Assigned task =
Your answer is every line of the material below in which the string "menyongsong" occurs.

Records supplied =

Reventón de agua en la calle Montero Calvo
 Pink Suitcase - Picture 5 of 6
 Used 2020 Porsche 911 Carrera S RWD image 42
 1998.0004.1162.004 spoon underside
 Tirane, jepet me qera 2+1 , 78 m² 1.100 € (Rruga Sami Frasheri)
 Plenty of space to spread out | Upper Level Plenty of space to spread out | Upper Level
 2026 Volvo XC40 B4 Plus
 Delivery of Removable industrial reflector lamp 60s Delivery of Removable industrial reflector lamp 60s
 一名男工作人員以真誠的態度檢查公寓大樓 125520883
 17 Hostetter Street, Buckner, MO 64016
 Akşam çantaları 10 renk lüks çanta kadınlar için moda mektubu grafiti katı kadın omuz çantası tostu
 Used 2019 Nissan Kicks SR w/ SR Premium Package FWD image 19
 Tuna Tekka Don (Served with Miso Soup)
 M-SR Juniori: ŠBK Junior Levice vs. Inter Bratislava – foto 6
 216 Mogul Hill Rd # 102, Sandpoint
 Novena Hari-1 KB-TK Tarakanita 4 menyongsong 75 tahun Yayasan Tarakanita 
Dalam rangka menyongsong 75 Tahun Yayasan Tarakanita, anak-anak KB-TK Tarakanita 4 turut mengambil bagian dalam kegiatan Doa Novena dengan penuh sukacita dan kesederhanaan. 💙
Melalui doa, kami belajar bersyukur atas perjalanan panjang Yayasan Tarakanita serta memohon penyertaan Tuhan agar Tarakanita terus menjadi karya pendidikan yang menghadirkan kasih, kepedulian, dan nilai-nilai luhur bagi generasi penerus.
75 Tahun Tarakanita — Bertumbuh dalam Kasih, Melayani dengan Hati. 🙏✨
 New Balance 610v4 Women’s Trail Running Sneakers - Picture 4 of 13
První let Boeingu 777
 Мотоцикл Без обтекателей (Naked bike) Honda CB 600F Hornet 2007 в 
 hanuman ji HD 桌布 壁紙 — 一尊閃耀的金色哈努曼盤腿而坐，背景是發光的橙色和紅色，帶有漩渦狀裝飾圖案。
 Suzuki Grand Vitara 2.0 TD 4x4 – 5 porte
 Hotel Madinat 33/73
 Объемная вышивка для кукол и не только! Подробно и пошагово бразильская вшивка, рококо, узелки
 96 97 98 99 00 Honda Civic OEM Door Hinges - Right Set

Exercise answer =
 Novena Hari-1 KB-TK Tarakanita 4 menyongsong 75 tahun Yayasan Tarakanita 
Dalam rangka menyongsong 75 Tahun Yayasan Tarakanita, anak-anak KB-TK Tarakanita 4 turut mengambil bagian dalam kegiatan Doa Novena dengan penuh sukacita dan kesederhanaan. 💙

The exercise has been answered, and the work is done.